After a nine-year streak of perfect ‘AAA’ bond ratings from the big three agencies, the city of San Antonio was recently slapped with its first credit downgrade in a decade. Fitch Ratings lowered the city’s bond rating from ‘AAA’ to “AA+’ to reflect what it describes as a lack of flexibility caused by the passage of Propositions B and C on last November’s ballot. The two other rating agencies, Moody’s and S&P, reaffirmed San Antonio’s ‘AAA’ bond rating of the city.
The adoption of Proposition B put in place cap San Antonio’s future city managers—limiting to them to eight years in office and capping the position’s compensation to “no more than 10 times the annual salary furnished to the lowest paid full-time city employee,” which amounts to approximately $300,000 per year.

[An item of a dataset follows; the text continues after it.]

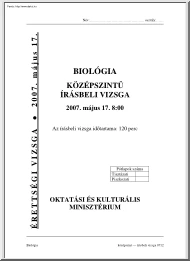 Biológia középszintű írásbeli érettségi vizsga megoldással, 2007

With the passage of Proposition C, the International Association of Fire Fighters Local 624 was given unilateral authority to require the city to participate in binding arbitration. Prop. C serves as the main point of contention with the bond rating and is a byproduct of an on-going battle between the firefighters union and the city government. The proposition gives the union sole right to declare negotiations have stalled and to enter into binding arbitration.

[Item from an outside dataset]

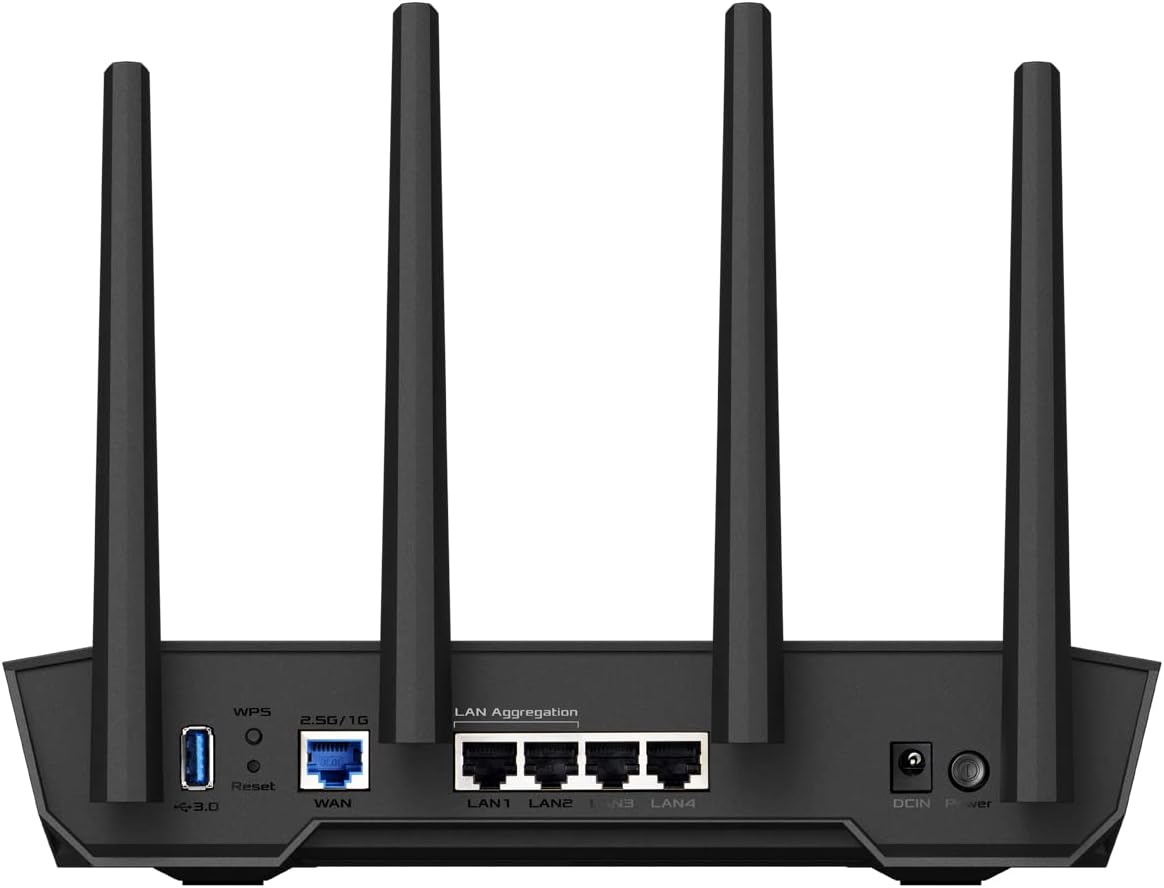 ASUS TUF Gaming AX4200 Dual Band WiFi 6 Gaming kombinierbarer Router (Tethering als 4G und 5G Router-Ersatz, WiFi 6, bis zu 4200 Mbit/s, Mobile Game Mode, 2,5Gbit/s Port, AiMesh, AiProtection Pro) TUF WiFi6 4.200 Mbit/s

Prop. C is driving “the city’s diminished expenditure flexibility” according to a December Fitch report:
Firefighters and police comprise the city’s largest expenditures, which have been expanding rapidly due to costly benefits. The city may opt to remain in the current firefighter CBA through 2024, during which time salaries remain flat, but Fitch believes longer-term workforce controls are materially weaker under a binding arbitration framework.
The San Antonio Fire & Police Pension Fund, in its most recent valuation report, released the recommended plan contribution at 31.48 percent of projected payroll, an increase of 0.94 percent of pay from the last valuation. In real dollars, San Antonio saw its recommended contribution to the pension fund increase from $94.9 million to $99.1 million in 2017. Public Safety, which includes public fire and police services, required over 60 percent of the city’s general fund, according to the City Council’s adopted 2019 budget. This expense will most likely continue to grow since pension obligations are expected to continue increasing. With such a large portion of the city’s general fund now subject to binding arbitration, the rating downgrade came as little surprise to city leaders.

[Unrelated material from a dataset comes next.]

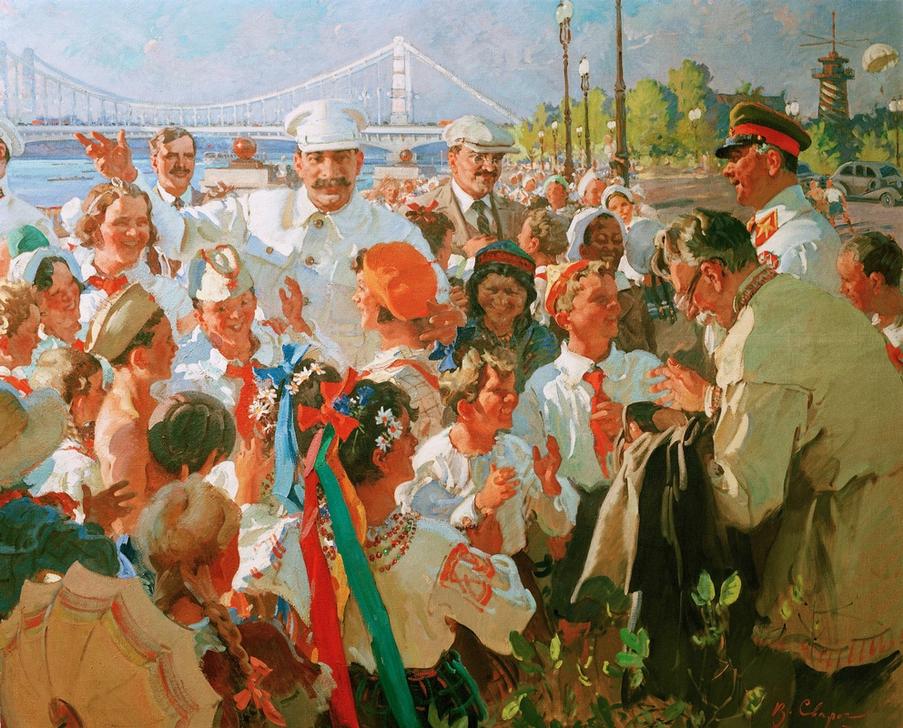 I.V.Stalin and members of the Polit– buro among children in od Wassili Semjonowitsch Swarog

San Antonio City Manager Sheryl Sculley stated, “The ratings agencies told us earlier this year that, if passed, the propositions on the November ballot could severely limit our financial flexibility and operation of the city organization.”
Just before the November election, Reason Foundation Pension Integrity Project policy analyst Anil Niraula discussed the mounting costs pension debt is having on the budgets of cities in Texas and highlighted how credit downgrades like this one can make borrowing costs for future publicly-funded projects much more expensive to cities and taxpayers.
Relatedly, the Pension Integrity Project and Texas Public Policy Foundation recently released a joint report providing an overview of the Teacher Retirement System of Texas demonstrating how current funding policies and actuarial assumptions are diminishing solvency and exacerbating fiscal pressures in public education. As a result, the system’s unfunded liabilities hit $35.4 billion in 2017.
Whether it be local firefighters or state teachers, retirement promises that have been made to public employees should be kept. For Texas policymakers to be able to honor their long-term commitments to public servants, avoid credit downgrades, and prevent financial crises from growing, governments at all levels need to reduce risks to their retirement benefit systems by applying sound funding policies and actuarial assumptions that can help ensure long-run fiscal sustainability.